[AIM OF THE TASK] Copy word for word the lines of the records below, beginning at the one with "A lifeguard tower" and finishing at the one with "Volkswagen Touran (2023)", ends included, but none of the pictures.

[DATA SUPPLIED]
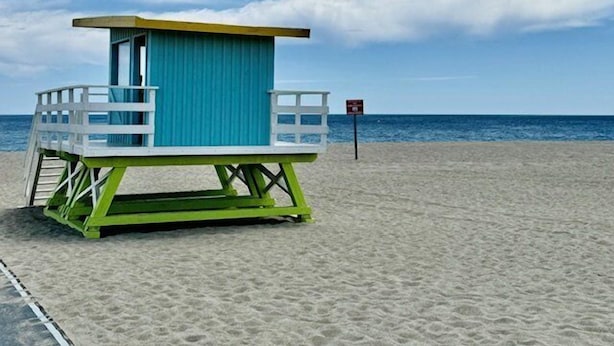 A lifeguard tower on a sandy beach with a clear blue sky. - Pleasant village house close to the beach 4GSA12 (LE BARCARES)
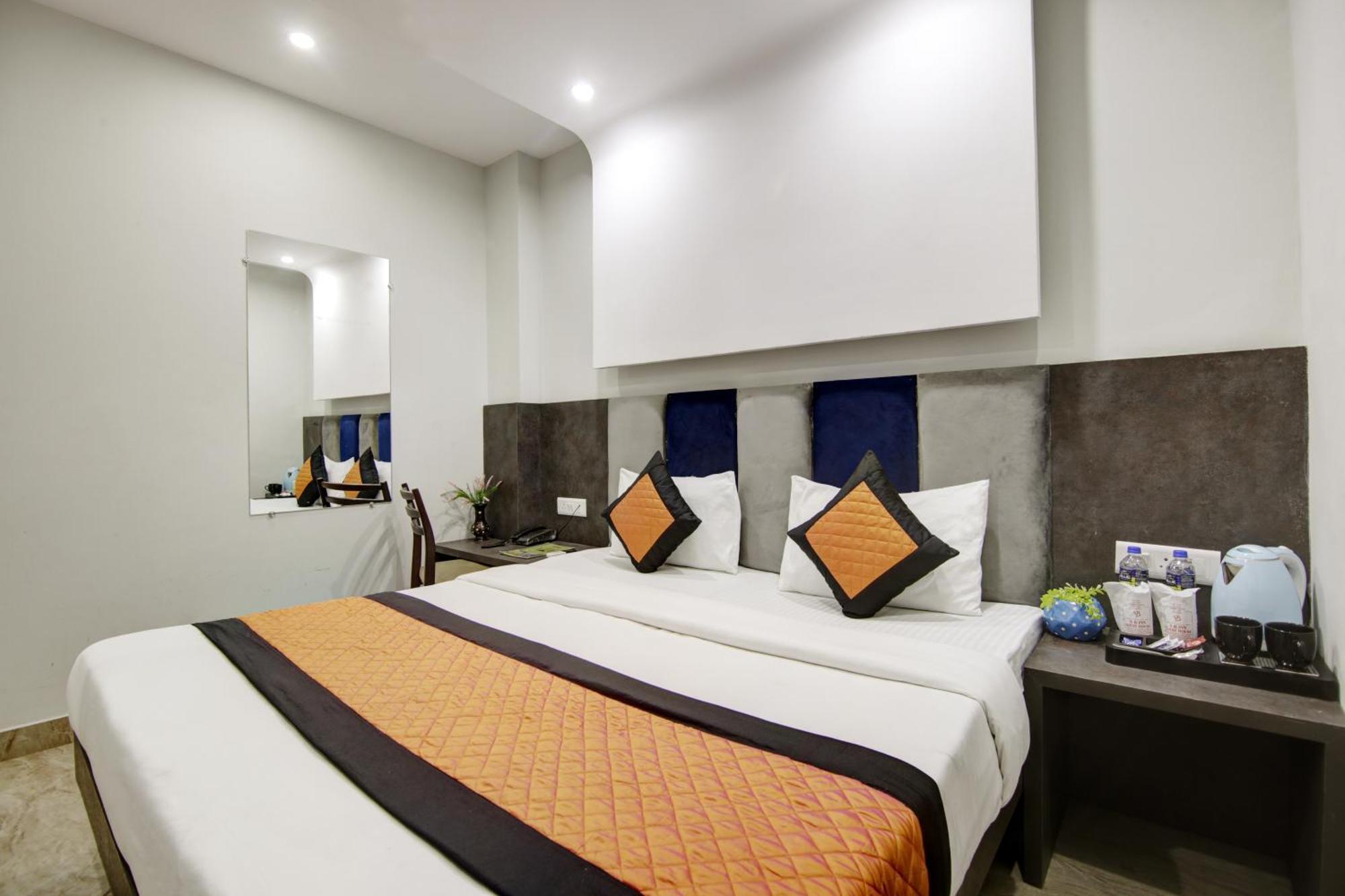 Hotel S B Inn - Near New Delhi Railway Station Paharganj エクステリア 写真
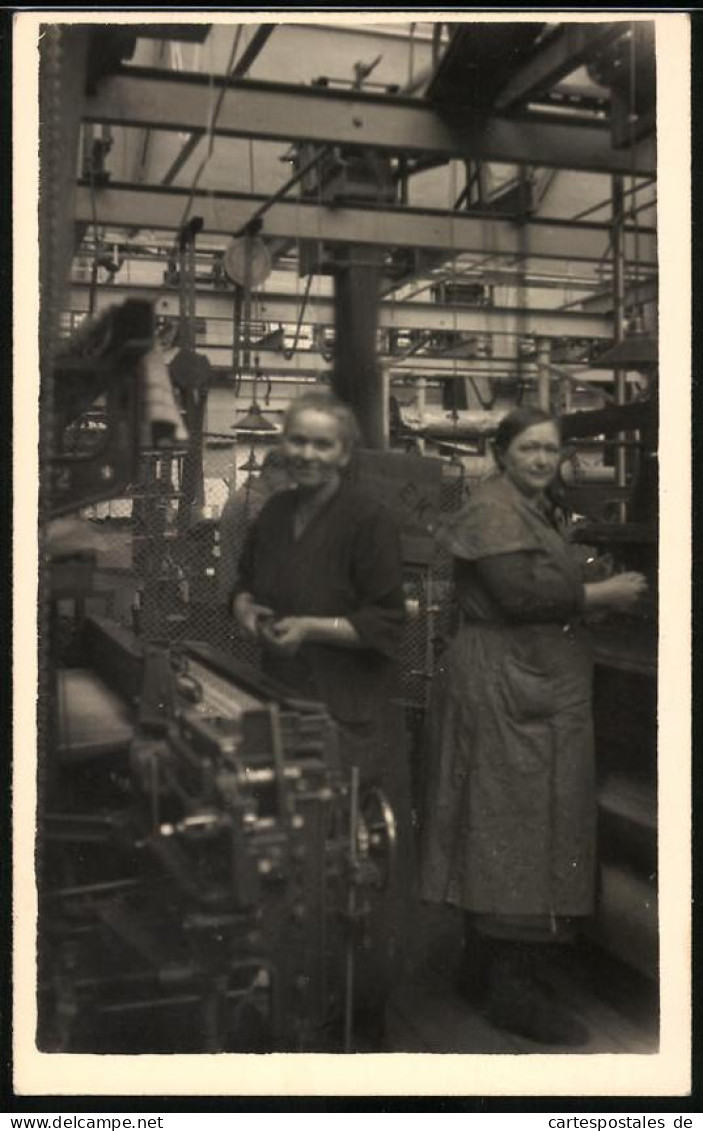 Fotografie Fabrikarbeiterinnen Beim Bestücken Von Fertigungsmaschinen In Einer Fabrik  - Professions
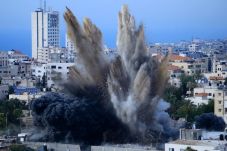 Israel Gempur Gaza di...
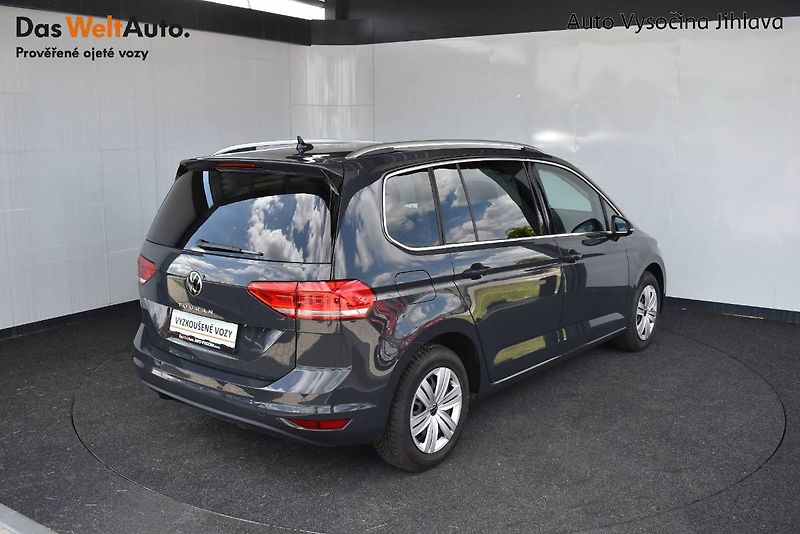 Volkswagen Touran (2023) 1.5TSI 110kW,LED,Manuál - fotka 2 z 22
--
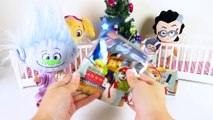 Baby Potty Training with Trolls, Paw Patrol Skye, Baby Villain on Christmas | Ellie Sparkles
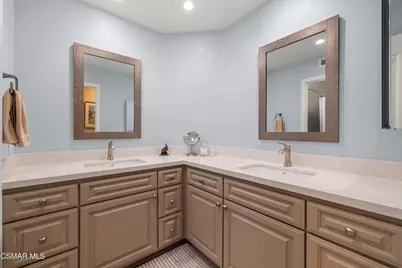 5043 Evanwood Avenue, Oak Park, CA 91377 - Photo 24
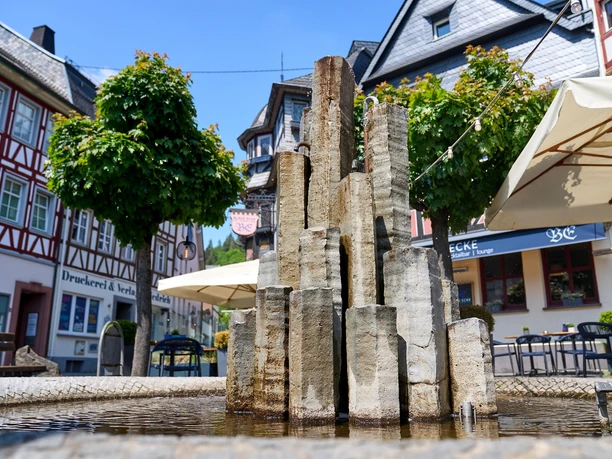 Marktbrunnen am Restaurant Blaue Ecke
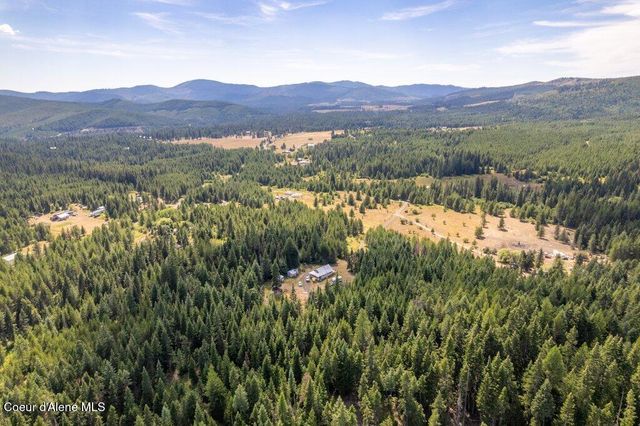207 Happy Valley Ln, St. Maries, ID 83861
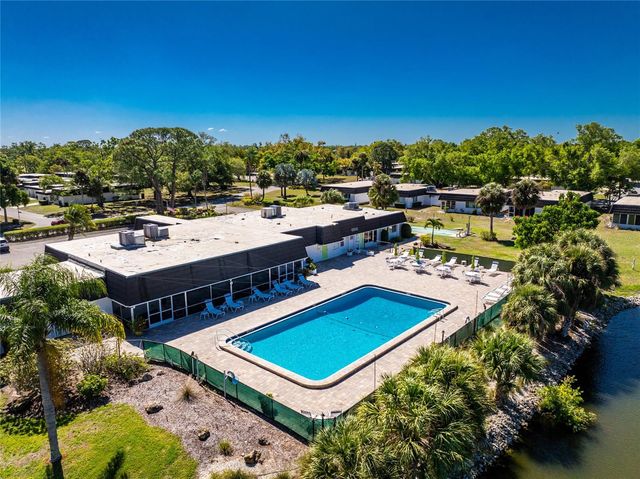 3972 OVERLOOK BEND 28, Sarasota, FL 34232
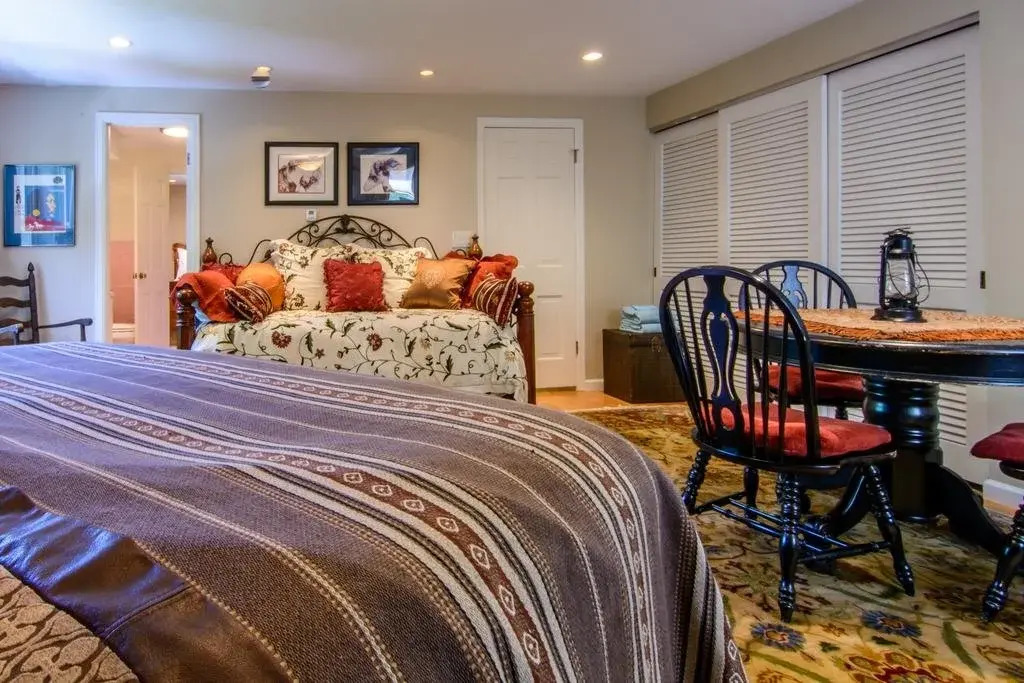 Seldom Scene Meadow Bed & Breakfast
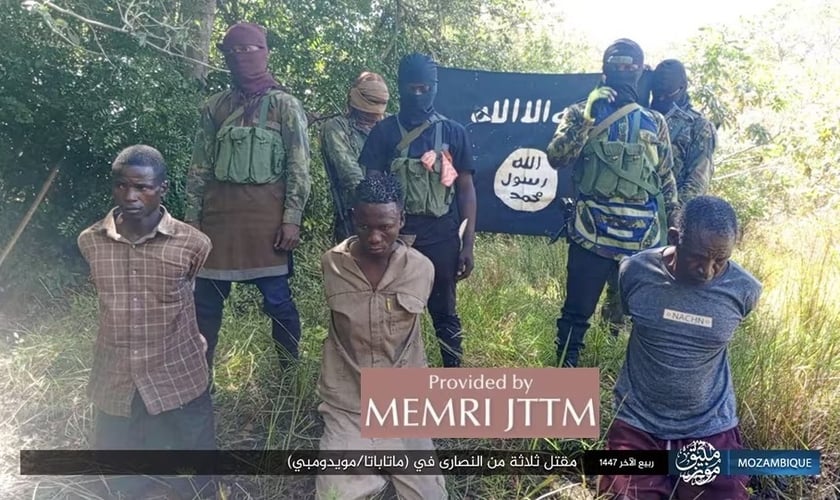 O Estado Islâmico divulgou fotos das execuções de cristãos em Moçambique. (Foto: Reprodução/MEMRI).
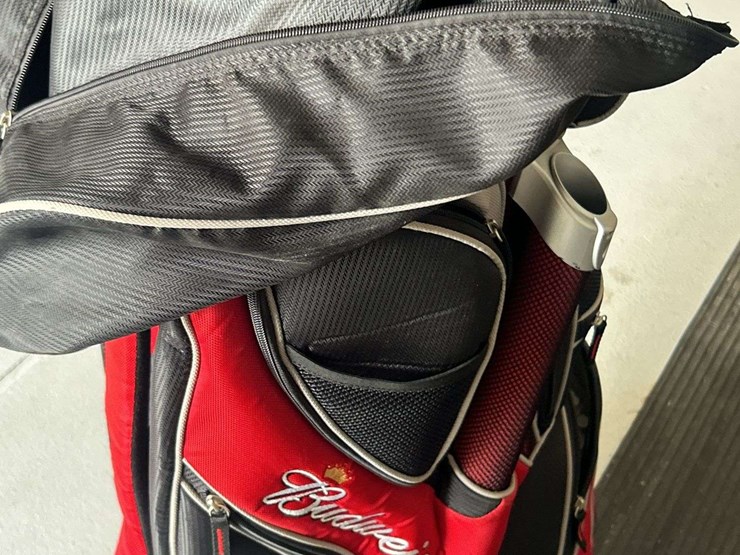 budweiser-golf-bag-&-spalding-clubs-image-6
--
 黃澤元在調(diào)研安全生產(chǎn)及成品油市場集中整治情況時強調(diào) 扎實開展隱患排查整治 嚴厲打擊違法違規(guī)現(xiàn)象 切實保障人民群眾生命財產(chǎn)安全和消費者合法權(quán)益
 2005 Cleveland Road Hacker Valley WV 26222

[FINAL ANSWER]
 A lifeguard tower on a sandy beach with a clear blue sky. - Pleasant village house close to the beach 4GSA12 (LE BARCARES)
 Hotel S B Inn - Near New Delhi Railway Station Paharganj エクステリア 写真
 Fotografie Fabrikarbeiterinnen Beim Bestücken Von Fertigungsmaschinen In Einer Fabrik  - Professions
 Israel Gempur Gaza di...
 Volkswagen Touran (2023) 1.5TSI 110kW,LED,Manuál - fotka 2 z 22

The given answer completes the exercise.